Alguna vez expresé el desconcierto que me provoca escuchar a "la gente" hablar sobre "la gente".
Y es que nunca he tenido claro a quién me refiero cuando hablo de "la gente", de "el otro" o de "los demás".
Seguramente alguien ya pensó, habló y escribió al respecto. Sin embargo, encuentro gracioso el empeño con que me separo de "los otros" y caigo en el típico error de apuntar con un dedo sin reparar en que otros tres me señalan al mismo tiempo.
El tema me asaltó a la mitad de la más reciente película de Oliver Stone, Salvajes (2012).
En más de una ocasión, las diferencias de lenguaje, costumbres y color de piel, llevan a los personajes a concebir a "los otros" como salvajes.
El toque irónico llega escenas después cuando el "salvaje" emplea el mismo término -salvaje-, para referirse a quienes para él -o ella- ocupan el sitio de "los otros".
Es decir, que en medio de la salvajada, las partes se aferran al control y la razón. Los individuos requieren saberse superiores y lo consiguen reduciendo a la competencia a un concepto vago e impersonal -el otro-, al tiempo que le arrebatan toda cordura y sapiencia al motejarlo como salvaje.
En mi opinión, este salvajismo va más allá de los modales en la mesa o la profundidad en los temas de conversación.

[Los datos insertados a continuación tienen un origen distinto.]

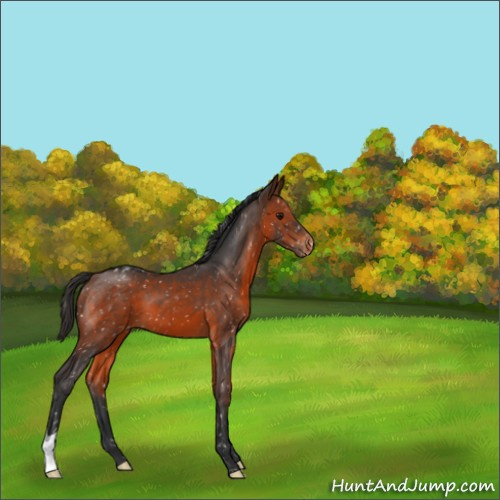 Horse Color:Brown Snowcap 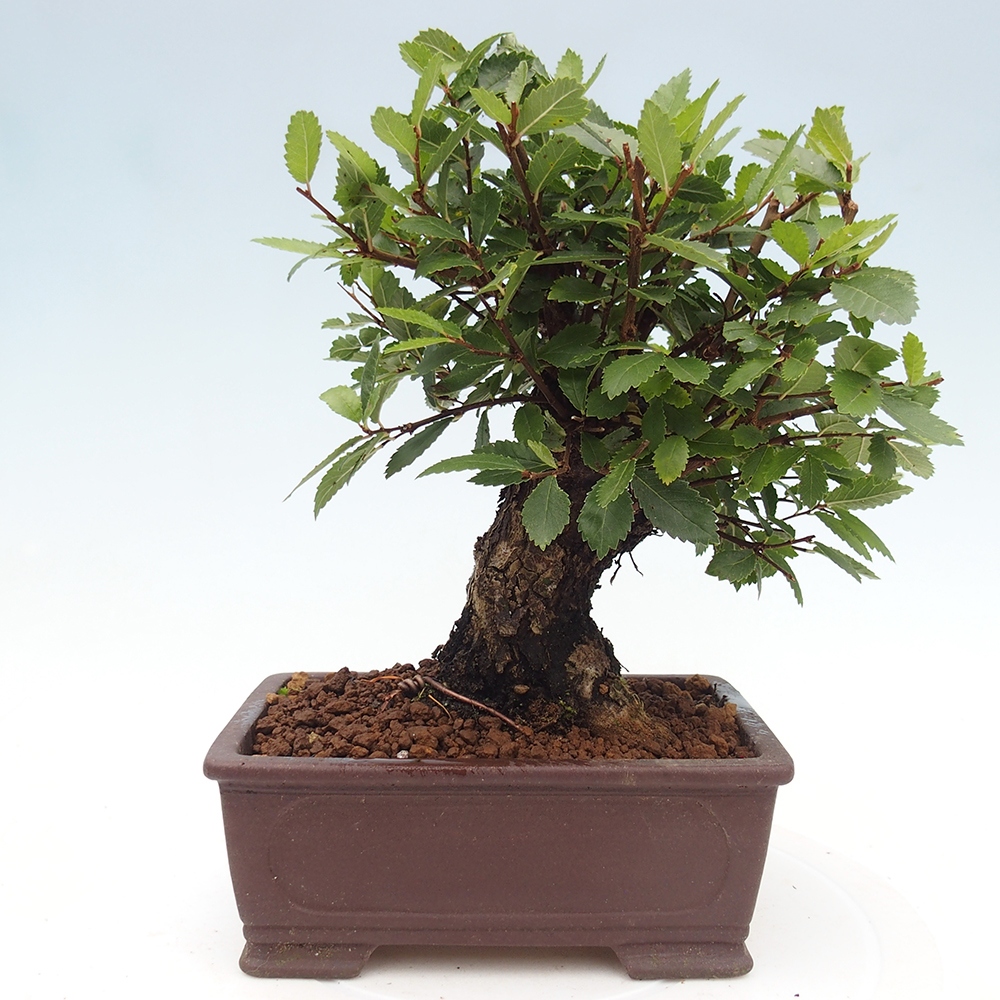 Bonsai für draußen - Zelkova - Zelkova NIRE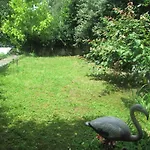 Appart Jungle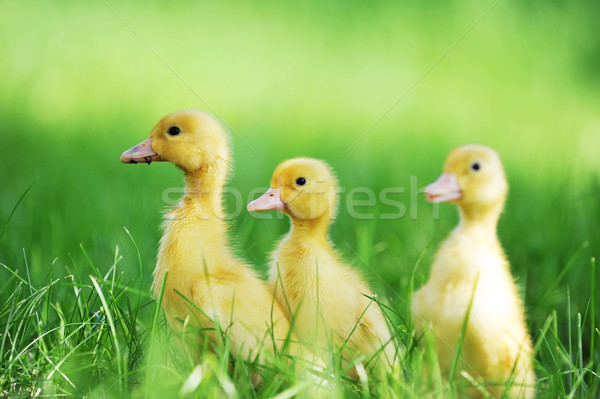 Três fofo garotas grama verde grama criança Foto stock © taden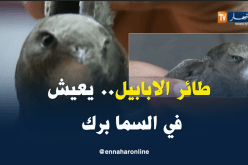بيطري/ “طائر الأبابيل ليس خرافي ولكنّه نادر..عيشه في السماء دون النزول إلى الأرض جعله غريب”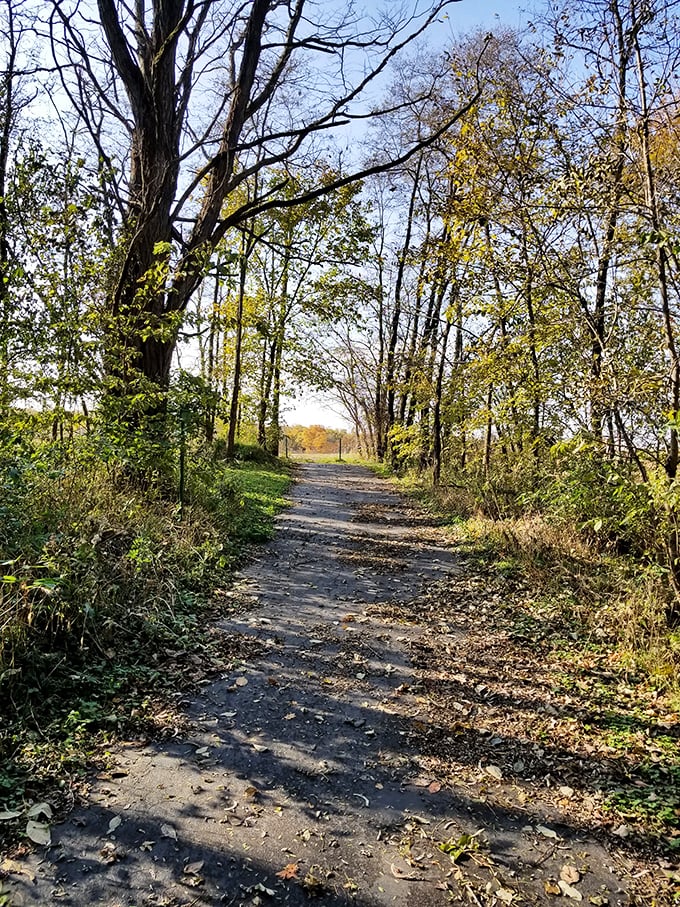 Autumn's catwalk! This leaf-strewn trail is nature's version of a red carpet, minus the paparazzi. Time to strike your best "communing with nature" pose!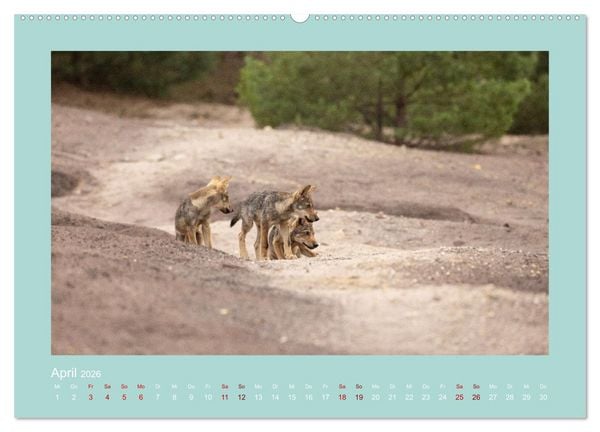 Produktbild: W&ouml;lfe, Impressionen aus der Lausitz (Wandkalender 2026 DIN A2 quer), CALVENDO Monatskalender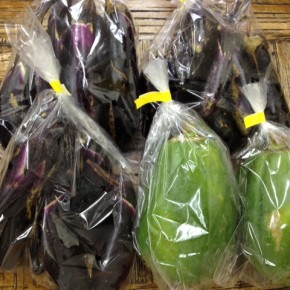 9/9(fri)本日の仕入れです。  うるま市 玉城勉さんの自然栽培のナス・パパイヤが入荷しました！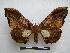  (Cyrtogone - PD-BC-1454)  @14 [ ] Copyright (2010) Unspecified Research Collection of Philippe Darge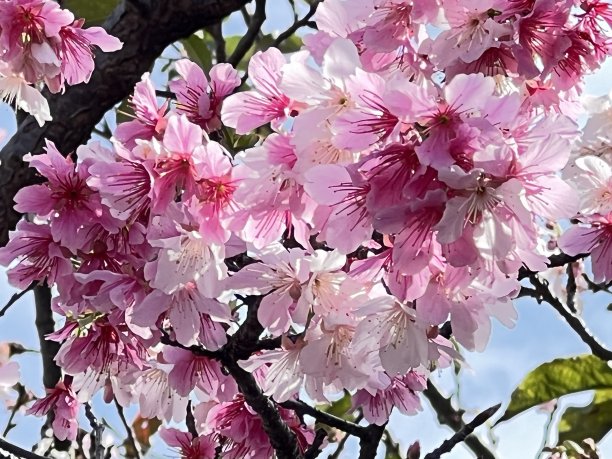 在冲绳县那霸市，路边盛开着鲜红的樱花图片下载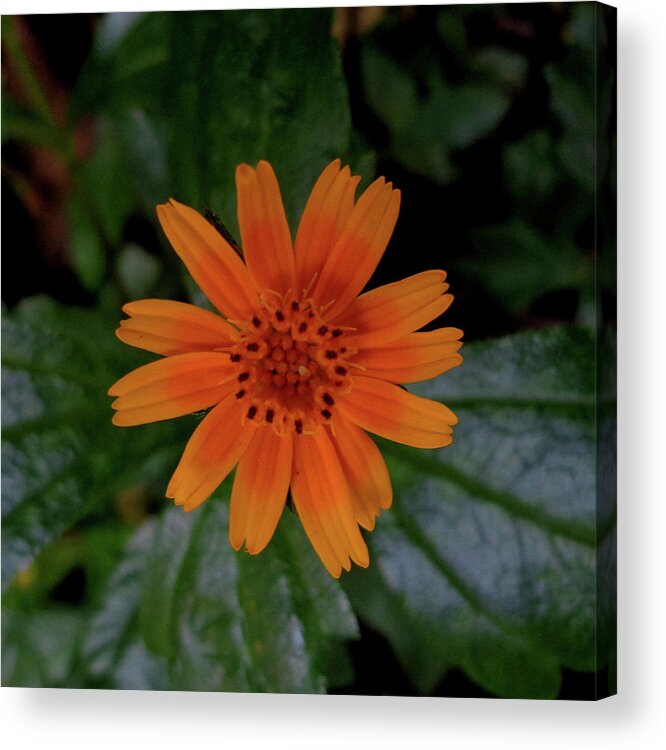India Acrylic Print featuring the photograph Singapore or creeping daisy by Misentropy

Partiendo de la definición de diccionario -la más llana-, un salvaje es aquel que no está domesticado, cultivado y que además es áspero y monstruoso. En otras palabras, que preferimos eliminar todo rastro de humanidad de quienes no conocemos ni entendemos, a cambio de mantener el control y conseguirnos algo de orden.
Pero, y aquí viene lo interesante, vendría a cuenta reconsiderar qué es más salvaje; vivir bajo un esquema de normas distinto al de los que tienen el control, o destazar conciencia y razón del "salvaje" para creerlo doblegado y derrotable.
Bajo estos términos, podría decir que ser salvaje es la forma menos salvaje de existir, ¿a que no?